ASSIGNMENT: From the line with "Ruffle Tank- Bella" to the line with "CM06 Masturbateur vibrant avec fonction audio CRUIZR CM06", retype each line exactly as it stands in the records below, but skip the pictures.

[Scraped caption text data]
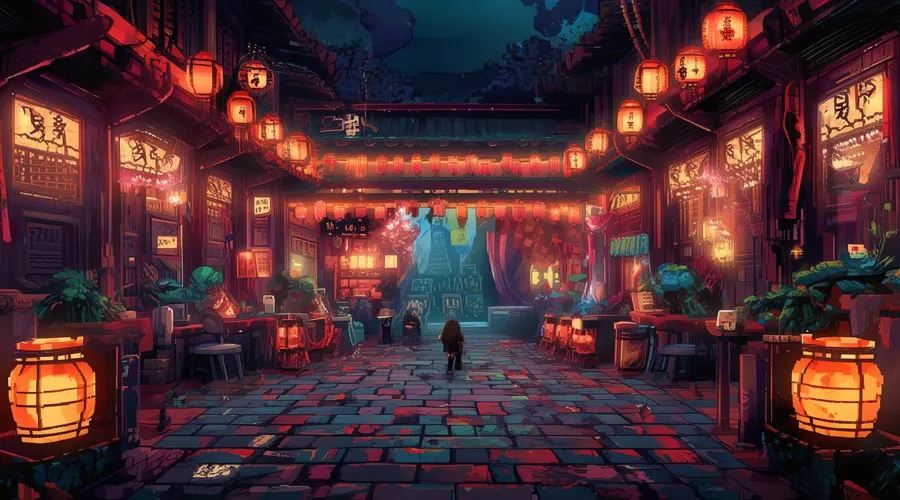 西游释厄传兑换码横幅图片3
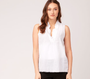 Ruffle Tank- Bella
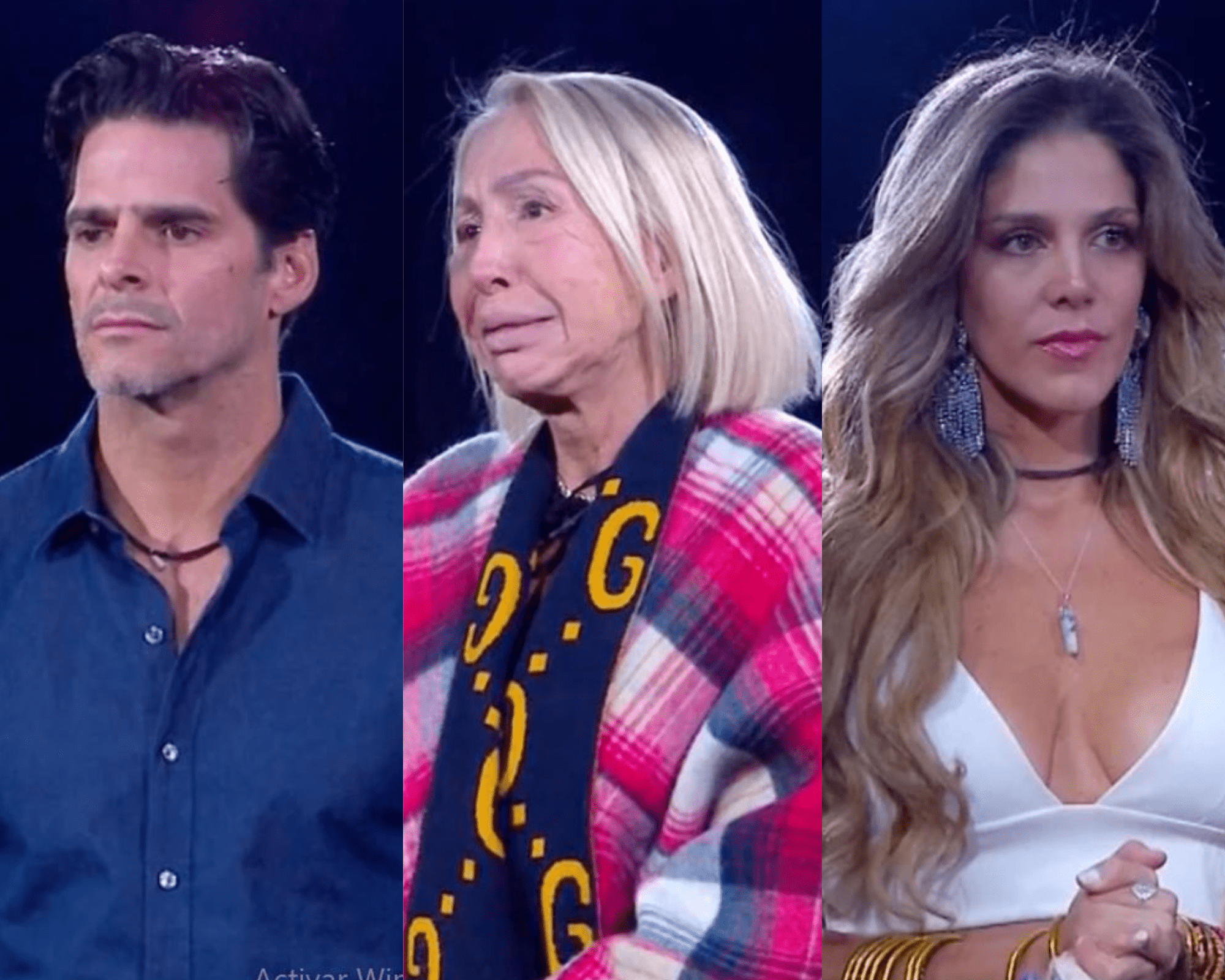 La triste vida y final de Laura Bozzo, La triste vida y final de Laura  Bozzo Dulce Gipsy, By Badabun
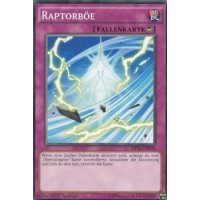 Raptorb&ouml;e MP16-DE090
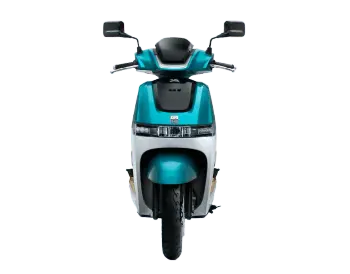 TVS iQube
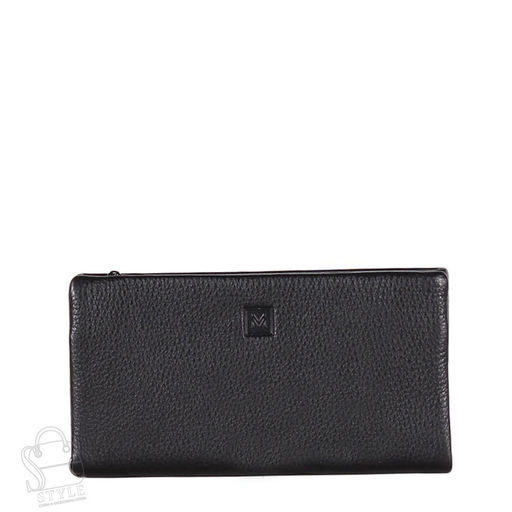 Женский кошелек 9908-1806 black Vermari в Новосибирске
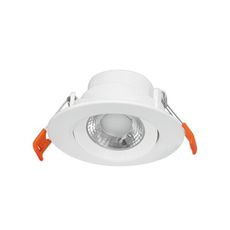 〖樂亮〗含稅 LED 9W 9.5cm千里眼崁燈 類COB崁燈 黃光/自然光/白光 全電壓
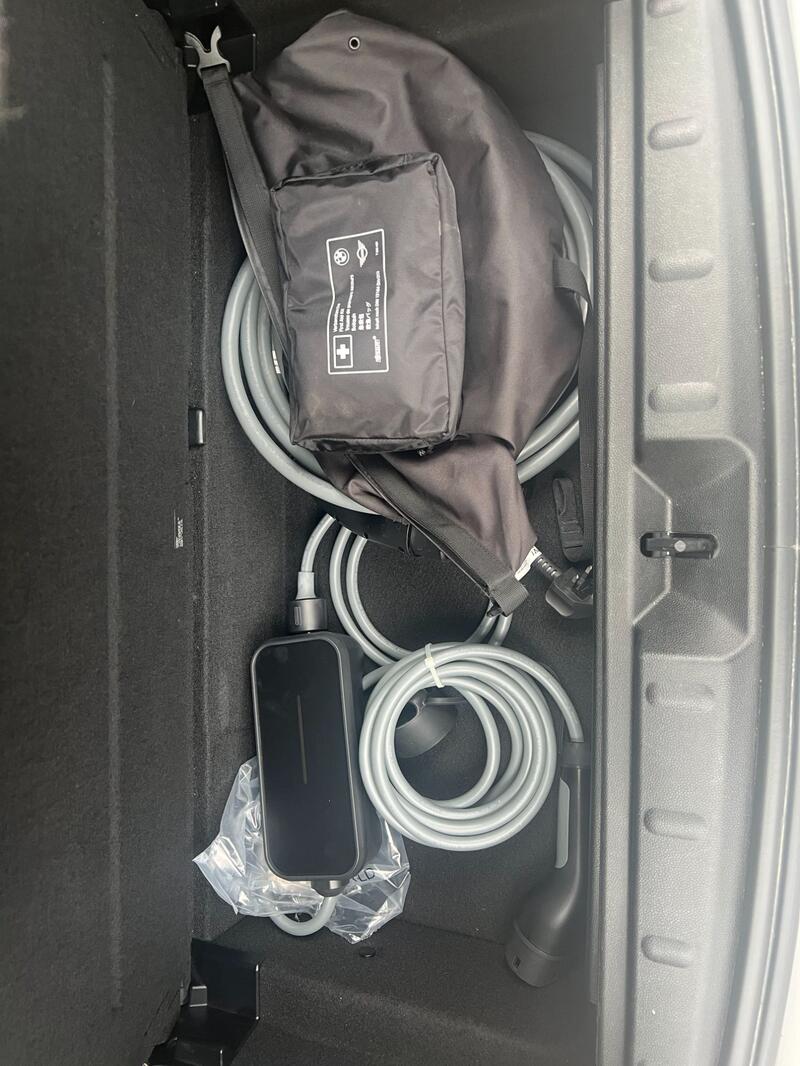 MINI ELECTRIC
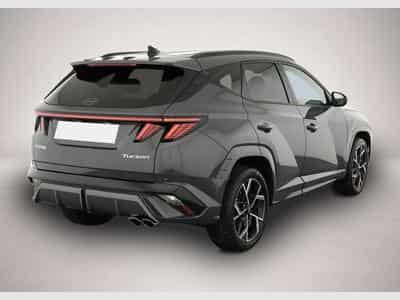 Hyundai Tucson (2024) - Photo 3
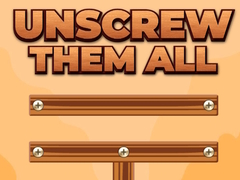 Trò chơi Unscrew Them All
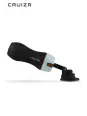 Masturbateur vibrant avec fonction audio CRUIZR CM06 Masturbateur vibrant avec fonction audio CRUIZR CM06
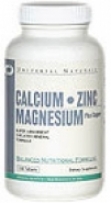 Calcium/ Zinc/ Magnesium 100 таб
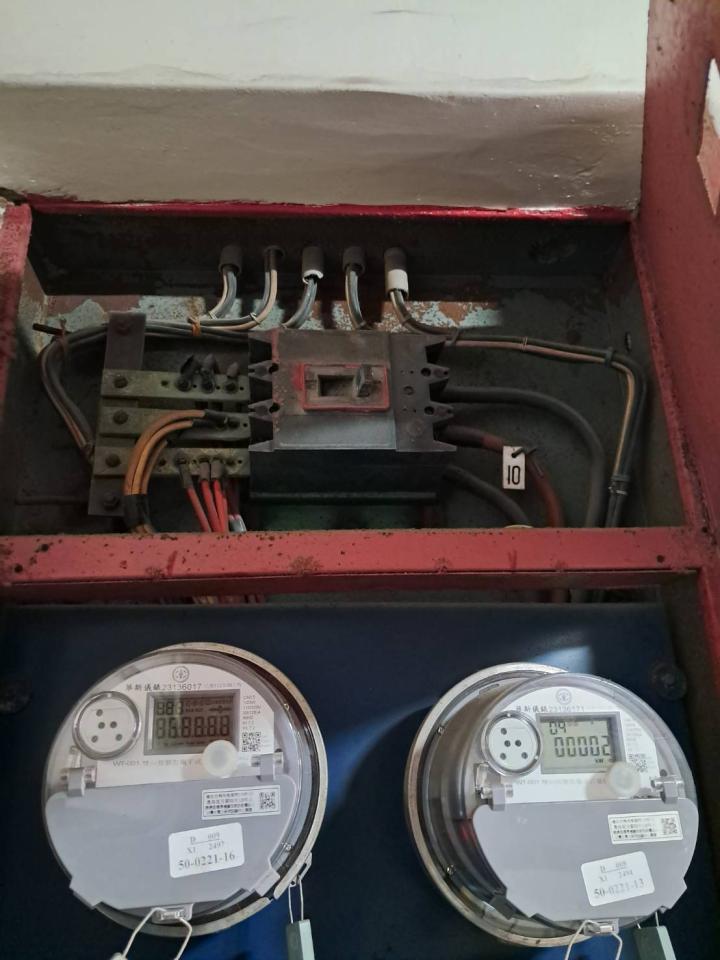 電線裝修案件圖片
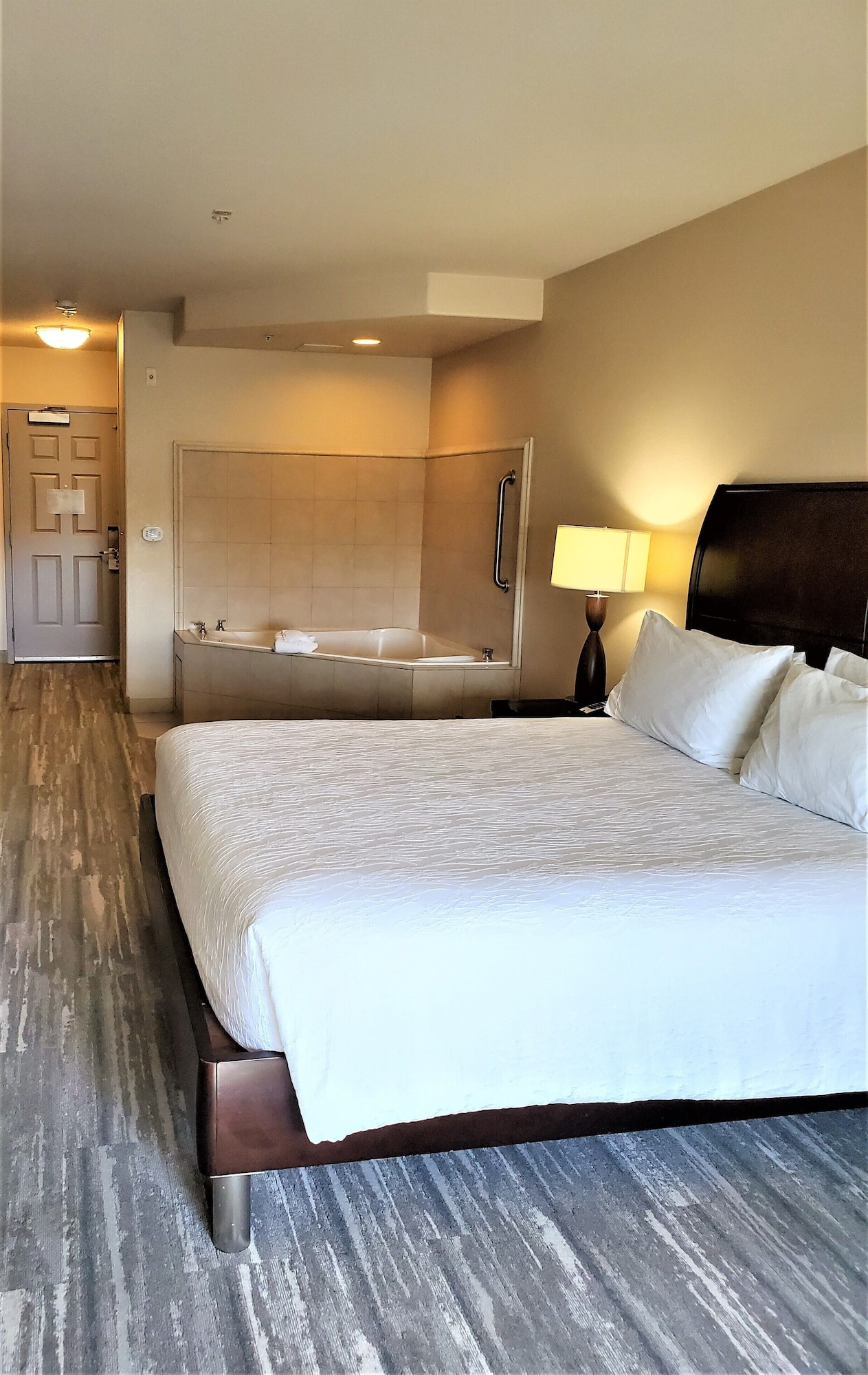 hilton garden inn san bernardino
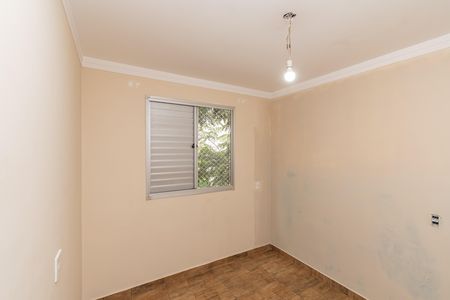 Quarto 1 de apartamento para alugar com 2 quartos, 48m² em Jardim Morumbi (nova Veneza), Sumaré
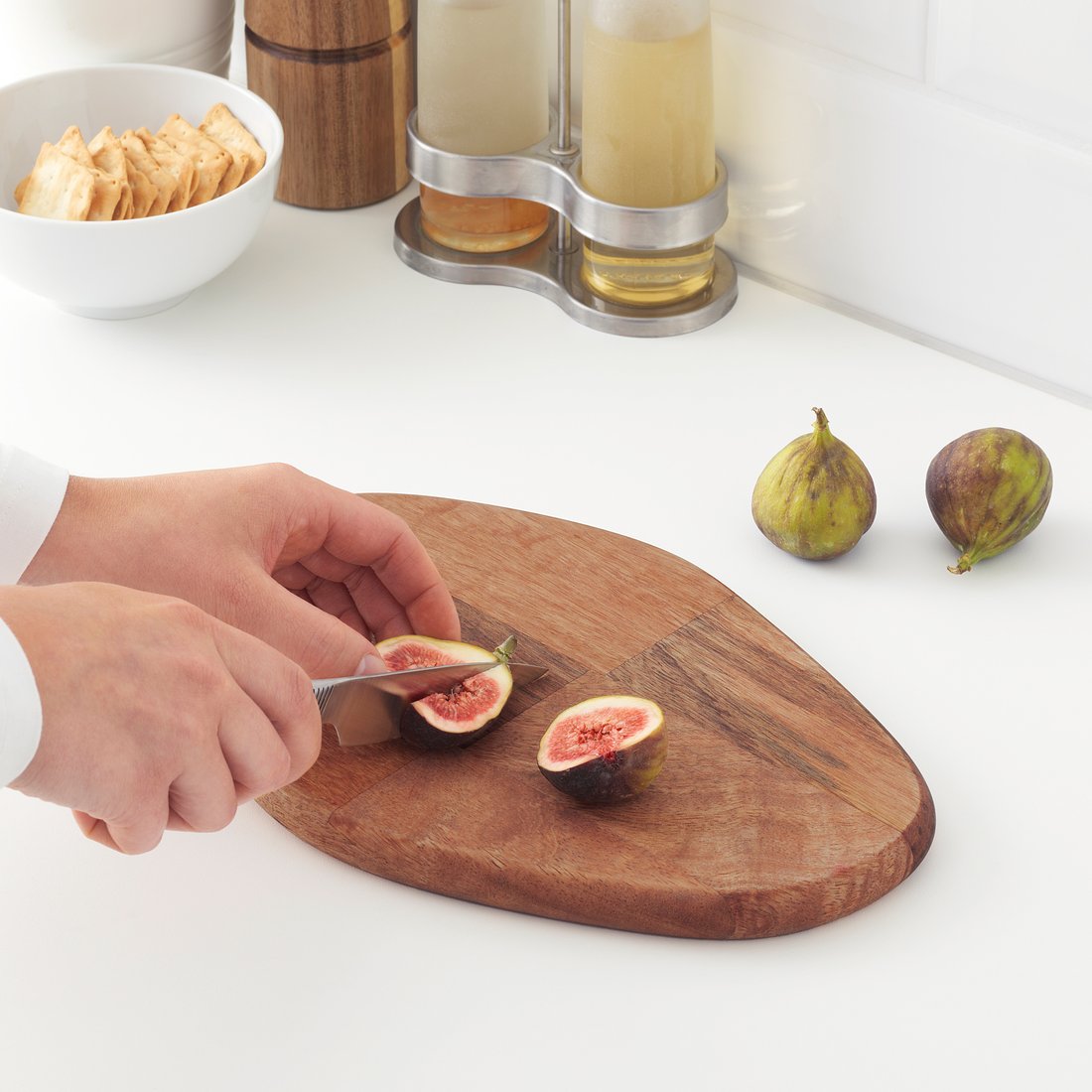 FASCINERA Tagliere, legno di mango. Scopri i dettagli del ...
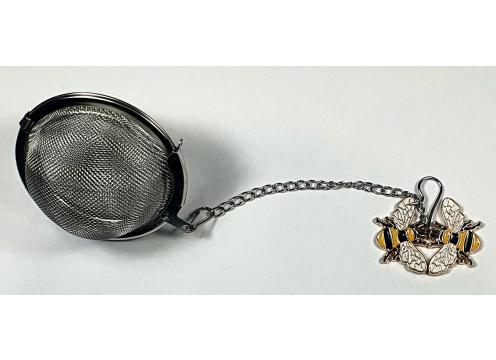 product image for ​​Tea Ball Infuser - Bee Lover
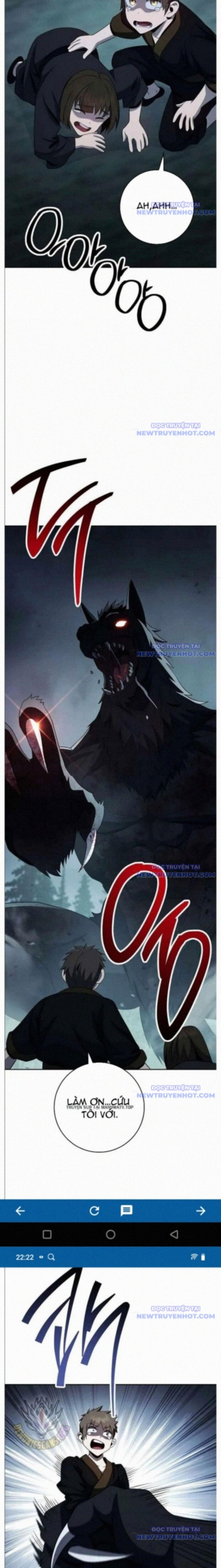 Cốt Binh Trở Lại Chap 316 - Next Chap 317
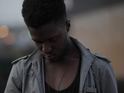 Listen to the rising star's new track from his upcoming EP.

ANSWER FOR THIS EXERCISE:
 Ruffle Tank- Bella
 La triste vida y final de Laura Bozzo, La triste vida y final de Laura  Bozzo Dulce Gipsy, By Badabun
 Raptorb&ouml;e MP16-DE090
 TVS iQube
 Женский кошелек 9908-1806 black Vermari в Новосибирске
 〖樂亮〗含稅 LED 9W 9.5cm千里眼崁燈 類COB崁燈 黃光/自然光/白光 全電壓
 MINI ELECTRIC
 Hyundai Tucson (2024) - Photo 3
 Trò chơi Unscrew Them All
 Masturbateur vibrant avec fonction audio CRUIZR CM06 Masturbateur vibrant avec fonction audio CRUIZR CM06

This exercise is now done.